DANCE OF THE FIREFLIES
Another example of the 650BD’s ability to craft a decent sense of acoustic is revealed by the Telarc SACD of Jennifer Higdon’s City Scape – Concerto For Orchestra [SACD-60620] recorded at the Woodruff Arts Centre with the Atlanta Symphony Orchestra. The percussive sequence dances like a swarm of fireflies in the gloom of the hall with bells, chimes and blocks also gently underscored by the orchestra – a fresh and flighty sound only grounded by the tympani which sounds just a little too fat through the 650BD. My choice of two-channel CDs included favourites from Dire Straits and Chris Rea but most revealing was Michael Hedges’ Live On The Double Planet [Windham Hill 371066], the resonant bass and biting edge of his guitar instantly recognisable even if the player still exercised its now familiar caution, suppressing the last hint of exuberance from the thrust of his finger-picking for fear it should over-stretch its capabilities. Vocal ‘classics’ including Rickie Lee Jones’ eponymous CD [Warner 3296] still sound as rich and dark as ever, especially tracks like ‘Easy Money’ and ‘Chuck E’s In Love’ whose liquid honey seeps from the 650BD with the sweet conviction of the best standalone CD players at this price.

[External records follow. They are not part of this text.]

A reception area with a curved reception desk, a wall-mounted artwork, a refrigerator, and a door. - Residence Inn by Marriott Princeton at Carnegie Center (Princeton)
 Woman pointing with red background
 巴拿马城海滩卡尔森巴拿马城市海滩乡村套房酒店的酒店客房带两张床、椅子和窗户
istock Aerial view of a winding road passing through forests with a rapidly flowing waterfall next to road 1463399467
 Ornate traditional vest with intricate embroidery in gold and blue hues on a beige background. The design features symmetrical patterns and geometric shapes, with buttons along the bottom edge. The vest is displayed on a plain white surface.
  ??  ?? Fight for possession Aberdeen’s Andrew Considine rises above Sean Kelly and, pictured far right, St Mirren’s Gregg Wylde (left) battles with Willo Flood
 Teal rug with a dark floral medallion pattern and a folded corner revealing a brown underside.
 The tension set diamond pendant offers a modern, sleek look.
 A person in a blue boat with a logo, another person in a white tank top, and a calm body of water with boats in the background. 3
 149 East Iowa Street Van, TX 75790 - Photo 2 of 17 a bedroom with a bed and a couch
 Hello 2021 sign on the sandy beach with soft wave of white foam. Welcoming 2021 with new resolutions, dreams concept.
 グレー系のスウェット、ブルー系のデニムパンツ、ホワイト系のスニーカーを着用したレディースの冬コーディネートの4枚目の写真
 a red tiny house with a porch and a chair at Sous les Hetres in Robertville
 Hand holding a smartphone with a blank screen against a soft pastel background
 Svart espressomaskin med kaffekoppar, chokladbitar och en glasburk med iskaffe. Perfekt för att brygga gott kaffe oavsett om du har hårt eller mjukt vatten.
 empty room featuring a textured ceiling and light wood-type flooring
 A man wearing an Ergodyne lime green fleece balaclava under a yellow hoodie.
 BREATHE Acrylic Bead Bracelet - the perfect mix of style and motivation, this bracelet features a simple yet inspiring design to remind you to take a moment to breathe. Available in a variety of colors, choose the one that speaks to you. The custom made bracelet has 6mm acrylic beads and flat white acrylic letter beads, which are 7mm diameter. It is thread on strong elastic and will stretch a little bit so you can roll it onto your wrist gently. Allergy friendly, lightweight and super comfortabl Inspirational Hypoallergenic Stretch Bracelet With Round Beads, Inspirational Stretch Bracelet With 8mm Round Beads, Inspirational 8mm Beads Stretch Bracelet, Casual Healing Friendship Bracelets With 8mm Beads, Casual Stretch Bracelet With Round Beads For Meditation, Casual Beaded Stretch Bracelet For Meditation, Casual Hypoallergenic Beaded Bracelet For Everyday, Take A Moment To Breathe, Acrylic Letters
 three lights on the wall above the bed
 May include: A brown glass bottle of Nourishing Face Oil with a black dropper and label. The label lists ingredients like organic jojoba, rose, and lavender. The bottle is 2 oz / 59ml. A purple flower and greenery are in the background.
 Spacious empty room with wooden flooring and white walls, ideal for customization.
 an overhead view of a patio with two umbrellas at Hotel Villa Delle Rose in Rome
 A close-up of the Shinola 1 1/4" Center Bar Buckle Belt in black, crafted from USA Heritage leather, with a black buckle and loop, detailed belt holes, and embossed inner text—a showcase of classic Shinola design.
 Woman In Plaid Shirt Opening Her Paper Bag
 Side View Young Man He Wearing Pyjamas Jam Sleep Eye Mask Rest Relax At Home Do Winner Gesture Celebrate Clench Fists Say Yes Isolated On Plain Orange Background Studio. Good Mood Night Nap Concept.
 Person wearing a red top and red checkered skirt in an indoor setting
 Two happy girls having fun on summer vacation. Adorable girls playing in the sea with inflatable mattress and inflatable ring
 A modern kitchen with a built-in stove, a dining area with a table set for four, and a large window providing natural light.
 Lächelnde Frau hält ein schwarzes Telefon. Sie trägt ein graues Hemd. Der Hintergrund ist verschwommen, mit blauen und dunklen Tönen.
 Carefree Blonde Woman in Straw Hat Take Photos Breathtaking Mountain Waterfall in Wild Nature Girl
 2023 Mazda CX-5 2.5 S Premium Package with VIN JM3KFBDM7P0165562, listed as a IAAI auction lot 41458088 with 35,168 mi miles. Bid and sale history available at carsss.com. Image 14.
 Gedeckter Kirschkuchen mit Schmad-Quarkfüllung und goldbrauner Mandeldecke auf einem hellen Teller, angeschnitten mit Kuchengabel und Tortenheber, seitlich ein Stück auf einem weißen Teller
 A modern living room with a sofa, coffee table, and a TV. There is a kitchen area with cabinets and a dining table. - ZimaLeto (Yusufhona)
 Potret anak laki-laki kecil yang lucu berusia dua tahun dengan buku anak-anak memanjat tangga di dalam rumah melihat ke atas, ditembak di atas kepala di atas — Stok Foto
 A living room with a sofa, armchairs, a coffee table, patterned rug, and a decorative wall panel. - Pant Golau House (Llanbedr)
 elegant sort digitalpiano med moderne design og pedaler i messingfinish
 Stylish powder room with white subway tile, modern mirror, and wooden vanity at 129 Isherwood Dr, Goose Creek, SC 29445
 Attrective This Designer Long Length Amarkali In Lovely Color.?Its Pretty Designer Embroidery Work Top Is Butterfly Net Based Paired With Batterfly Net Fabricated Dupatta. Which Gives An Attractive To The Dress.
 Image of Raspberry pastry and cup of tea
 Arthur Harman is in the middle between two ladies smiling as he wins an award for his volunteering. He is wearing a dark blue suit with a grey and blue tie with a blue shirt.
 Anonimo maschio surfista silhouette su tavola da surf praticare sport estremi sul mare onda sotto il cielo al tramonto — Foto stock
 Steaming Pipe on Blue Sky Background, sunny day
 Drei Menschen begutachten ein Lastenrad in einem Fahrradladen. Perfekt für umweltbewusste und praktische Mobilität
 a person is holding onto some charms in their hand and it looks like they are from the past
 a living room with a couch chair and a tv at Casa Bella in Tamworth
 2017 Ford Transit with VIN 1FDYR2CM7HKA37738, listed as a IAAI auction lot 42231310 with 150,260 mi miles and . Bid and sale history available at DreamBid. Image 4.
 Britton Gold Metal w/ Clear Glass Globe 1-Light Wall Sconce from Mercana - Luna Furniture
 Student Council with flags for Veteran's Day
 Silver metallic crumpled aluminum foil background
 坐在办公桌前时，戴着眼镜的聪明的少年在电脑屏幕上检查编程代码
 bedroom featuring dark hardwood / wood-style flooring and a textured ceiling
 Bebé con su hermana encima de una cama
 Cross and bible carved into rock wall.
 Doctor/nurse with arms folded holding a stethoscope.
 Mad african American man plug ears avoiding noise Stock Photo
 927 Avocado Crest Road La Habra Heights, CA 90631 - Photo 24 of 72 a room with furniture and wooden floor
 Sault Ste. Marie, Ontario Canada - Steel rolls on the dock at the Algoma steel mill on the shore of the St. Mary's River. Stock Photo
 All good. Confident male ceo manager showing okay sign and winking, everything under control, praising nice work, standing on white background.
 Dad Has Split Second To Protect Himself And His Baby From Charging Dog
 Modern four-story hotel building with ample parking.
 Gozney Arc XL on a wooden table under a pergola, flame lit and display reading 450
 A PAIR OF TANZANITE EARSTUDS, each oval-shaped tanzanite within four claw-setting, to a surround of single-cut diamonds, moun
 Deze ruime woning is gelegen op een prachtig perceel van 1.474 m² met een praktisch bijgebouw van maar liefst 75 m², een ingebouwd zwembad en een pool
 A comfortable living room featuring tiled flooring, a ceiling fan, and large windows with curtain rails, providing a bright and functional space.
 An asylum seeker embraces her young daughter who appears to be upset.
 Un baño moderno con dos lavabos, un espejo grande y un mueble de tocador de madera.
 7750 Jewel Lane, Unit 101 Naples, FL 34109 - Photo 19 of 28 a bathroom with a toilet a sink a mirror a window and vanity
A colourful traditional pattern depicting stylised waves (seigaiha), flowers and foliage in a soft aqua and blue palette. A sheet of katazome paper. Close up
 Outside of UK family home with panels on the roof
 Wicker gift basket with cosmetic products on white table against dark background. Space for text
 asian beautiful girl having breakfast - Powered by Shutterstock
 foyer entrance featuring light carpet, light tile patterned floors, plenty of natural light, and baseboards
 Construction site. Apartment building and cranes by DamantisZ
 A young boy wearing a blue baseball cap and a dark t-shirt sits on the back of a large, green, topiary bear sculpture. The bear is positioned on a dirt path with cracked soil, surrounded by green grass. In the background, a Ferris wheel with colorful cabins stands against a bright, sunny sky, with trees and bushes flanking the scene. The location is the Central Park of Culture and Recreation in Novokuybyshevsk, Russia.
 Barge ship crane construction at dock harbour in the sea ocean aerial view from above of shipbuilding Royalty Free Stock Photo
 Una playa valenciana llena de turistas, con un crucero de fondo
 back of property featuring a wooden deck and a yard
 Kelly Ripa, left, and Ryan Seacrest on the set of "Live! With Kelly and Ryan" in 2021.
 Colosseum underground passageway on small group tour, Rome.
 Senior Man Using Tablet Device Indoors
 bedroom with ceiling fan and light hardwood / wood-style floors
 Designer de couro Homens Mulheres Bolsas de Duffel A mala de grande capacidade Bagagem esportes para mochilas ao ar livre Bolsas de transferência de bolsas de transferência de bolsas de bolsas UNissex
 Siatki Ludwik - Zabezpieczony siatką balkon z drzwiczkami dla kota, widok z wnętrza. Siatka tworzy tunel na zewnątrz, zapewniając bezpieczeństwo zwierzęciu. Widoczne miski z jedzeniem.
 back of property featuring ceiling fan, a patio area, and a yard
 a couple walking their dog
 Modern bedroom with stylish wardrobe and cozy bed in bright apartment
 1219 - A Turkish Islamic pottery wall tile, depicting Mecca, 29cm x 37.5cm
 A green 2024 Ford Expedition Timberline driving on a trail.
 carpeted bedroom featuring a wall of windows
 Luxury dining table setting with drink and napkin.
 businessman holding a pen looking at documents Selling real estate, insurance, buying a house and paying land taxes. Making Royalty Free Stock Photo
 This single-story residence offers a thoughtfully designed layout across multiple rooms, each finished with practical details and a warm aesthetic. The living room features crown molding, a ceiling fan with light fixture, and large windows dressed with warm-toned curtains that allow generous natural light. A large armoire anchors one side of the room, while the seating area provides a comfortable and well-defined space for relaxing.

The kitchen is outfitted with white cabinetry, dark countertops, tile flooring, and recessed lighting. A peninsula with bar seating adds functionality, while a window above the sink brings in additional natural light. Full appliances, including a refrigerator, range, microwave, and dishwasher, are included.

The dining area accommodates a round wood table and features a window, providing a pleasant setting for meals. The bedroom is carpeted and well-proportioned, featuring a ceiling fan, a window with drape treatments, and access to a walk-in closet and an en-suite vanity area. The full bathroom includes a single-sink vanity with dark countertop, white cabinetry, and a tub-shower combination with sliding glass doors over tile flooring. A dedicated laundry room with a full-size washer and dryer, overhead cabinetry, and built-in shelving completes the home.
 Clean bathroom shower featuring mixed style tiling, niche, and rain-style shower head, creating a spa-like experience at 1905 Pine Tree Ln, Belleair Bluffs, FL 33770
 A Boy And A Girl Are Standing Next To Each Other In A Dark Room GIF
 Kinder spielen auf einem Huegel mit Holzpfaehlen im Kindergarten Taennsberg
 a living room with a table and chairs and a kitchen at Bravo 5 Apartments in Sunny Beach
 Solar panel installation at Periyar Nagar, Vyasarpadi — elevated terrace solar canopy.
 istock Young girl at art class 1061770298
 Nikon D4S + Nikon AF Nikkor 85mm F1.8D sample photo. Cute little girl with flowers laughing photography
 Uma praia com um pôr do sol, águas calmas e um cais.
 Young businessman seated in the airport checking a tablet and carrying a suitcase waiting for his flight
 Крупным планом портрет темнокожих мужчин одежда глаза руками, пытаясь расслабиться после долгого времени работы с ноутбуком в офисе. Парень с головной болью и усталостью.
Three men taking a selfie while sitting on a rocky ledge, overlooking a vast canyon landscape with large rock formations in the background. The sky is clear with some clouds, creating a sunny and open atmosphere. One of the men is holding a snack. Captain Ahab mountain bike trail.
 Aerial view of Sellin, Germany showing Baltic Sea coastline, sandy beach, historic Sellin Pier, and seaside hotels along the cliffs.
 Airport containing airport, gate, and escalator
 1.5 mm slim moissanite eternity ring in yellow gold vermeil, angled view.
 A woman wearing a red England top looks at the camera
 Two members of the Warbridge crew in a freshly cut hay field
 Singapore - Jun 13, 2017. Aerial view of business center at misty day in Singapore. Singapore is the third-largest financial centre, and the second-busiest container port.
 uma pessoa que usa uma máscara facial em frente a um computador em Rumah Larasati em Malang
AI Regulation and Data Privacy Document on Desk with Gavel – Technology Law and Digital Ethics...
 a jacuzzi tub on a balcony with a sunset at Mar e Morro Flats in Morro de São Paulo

Of course, there are precious few new CD players being produced below £500, so the feature-packed Azur 650BD is hardly facing an insurmountable wall of competition... One thing you could never accuse the 650BD of is sounding harsh from playing too fast and loose. Frankly the player is engineered to stick within its limits, delivering a good 90% of the body and resolution offered by the Marantz and Denon universal BD hierachy, for a similar financial saving.

VERDICT

You don’t get the bottom-end punch of the Marantz UD9004 or quite the sense of scale rendered by the DVD-A1UD from Denon, but for a tenth the price the 650BD provides a perfectly ‘wholesome’ and craftily-balanced alternative without serious flaw in any key area of performance. In this age of increasing belt-tightening, Cambridge is offering a couple of extra holes – so what are you waiting for?